▸ Material for this exercise:
= Beginning of Section =

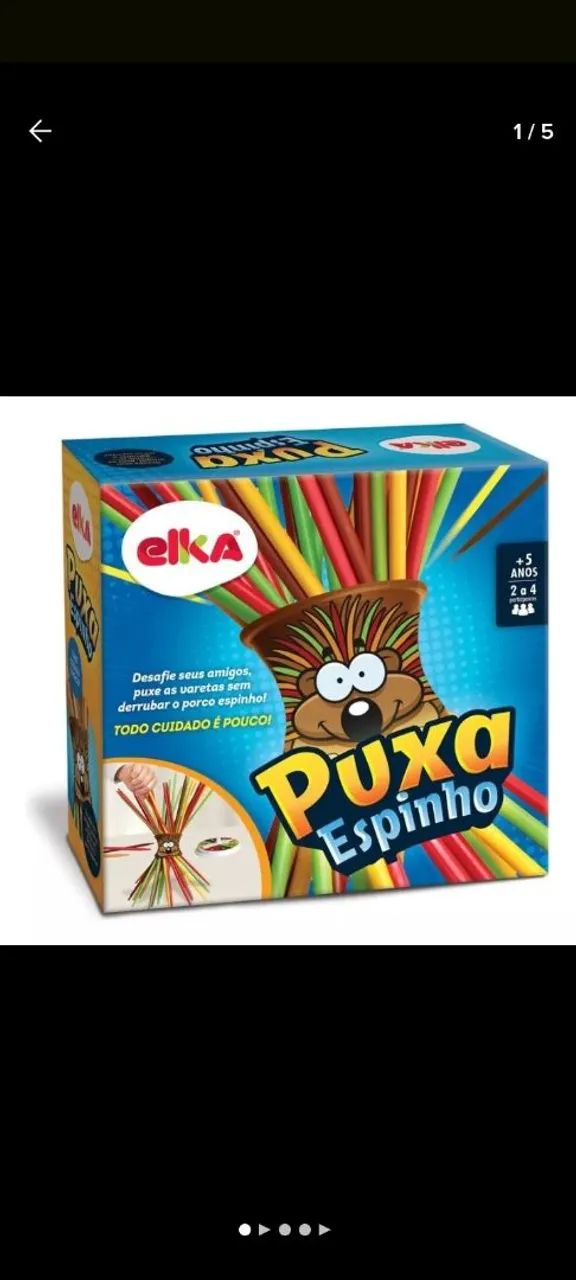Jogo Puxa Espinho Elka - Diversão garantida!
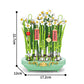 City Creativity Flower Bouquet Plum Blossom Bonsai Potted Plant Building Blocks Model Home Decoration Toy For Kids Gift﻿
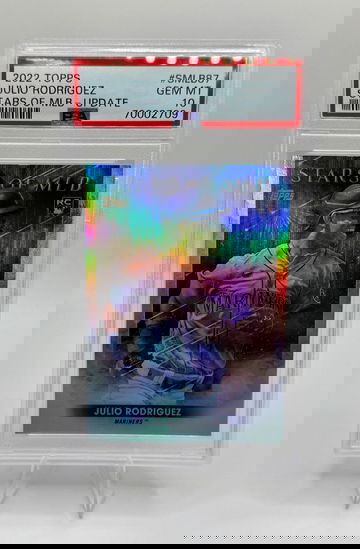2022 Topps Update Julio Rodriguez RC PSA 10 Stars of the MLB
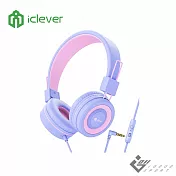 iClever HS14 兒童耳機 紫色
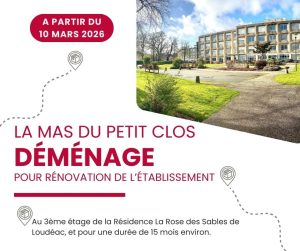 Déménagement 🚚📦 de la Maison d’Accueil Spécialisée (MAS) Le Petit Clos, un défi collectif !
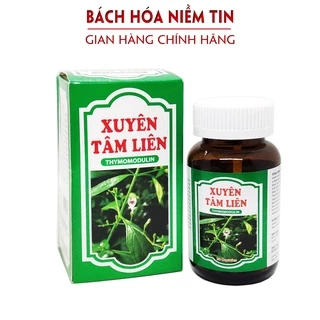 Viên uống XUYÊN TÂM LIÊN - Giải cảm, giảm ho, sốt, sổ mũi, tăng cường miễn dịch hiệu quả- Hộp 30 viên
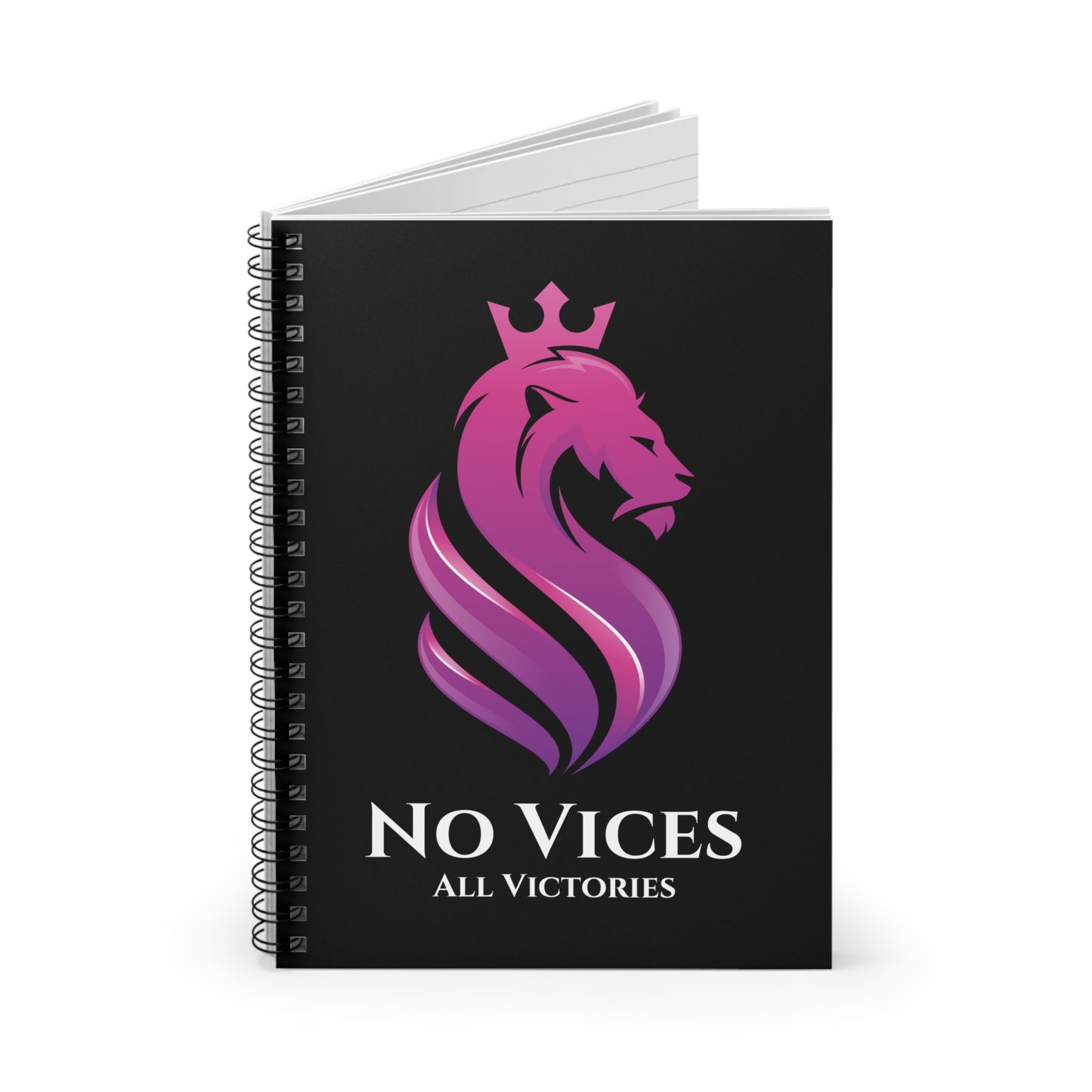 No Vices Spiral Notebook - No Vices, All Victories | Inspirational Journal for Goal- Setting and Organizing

= End of Section =
= Beginning of Section =

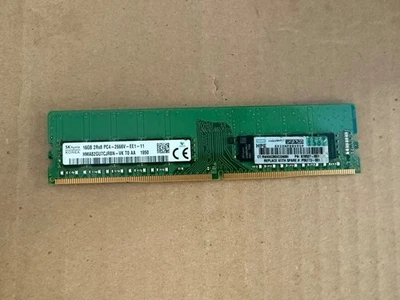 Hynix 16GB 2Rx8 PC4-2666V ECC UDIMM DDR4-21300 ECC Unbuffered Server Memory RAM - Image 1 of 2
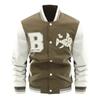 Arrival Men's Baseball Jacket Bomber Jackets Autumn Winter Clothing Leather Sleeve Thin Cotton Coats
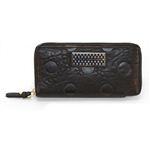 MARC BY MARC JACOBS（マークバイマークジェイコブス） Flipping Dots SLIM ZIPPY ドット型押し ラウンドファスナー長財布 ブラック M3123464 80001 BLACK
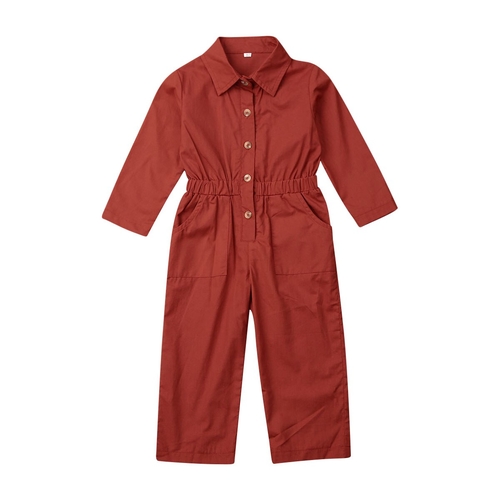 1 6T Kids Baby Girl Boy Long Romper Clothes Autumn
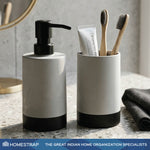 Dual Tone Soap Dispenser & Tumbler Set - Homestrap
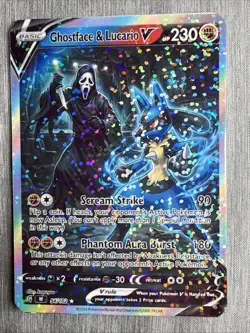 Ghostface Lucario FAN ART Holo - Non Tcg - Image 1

= End of Section =

▸ Task to complete:
From the records above, transcribe exactly the lines starting at the one containing "MARC BY MARC" and ending at the one containing "Ghostface Lucario FAN". Skip the pictures.

▸ Result of this exercise:
 MARC BY MARC JACOBS（マークバイマークジェイコブス） Flipping Dots SLIM ZIPPY ドット型押し ラウンドファスナー長財布 ブラック M3123464 80001 BLACK
 1 6T Kids Baby Girl Boy Long Romper Clothes Autumn
 Dual Tone Soap Dispenser & Tumbler Set - Homestrap
 Ghostface Lucario FAN ART Holo - Non Tcg - Image 1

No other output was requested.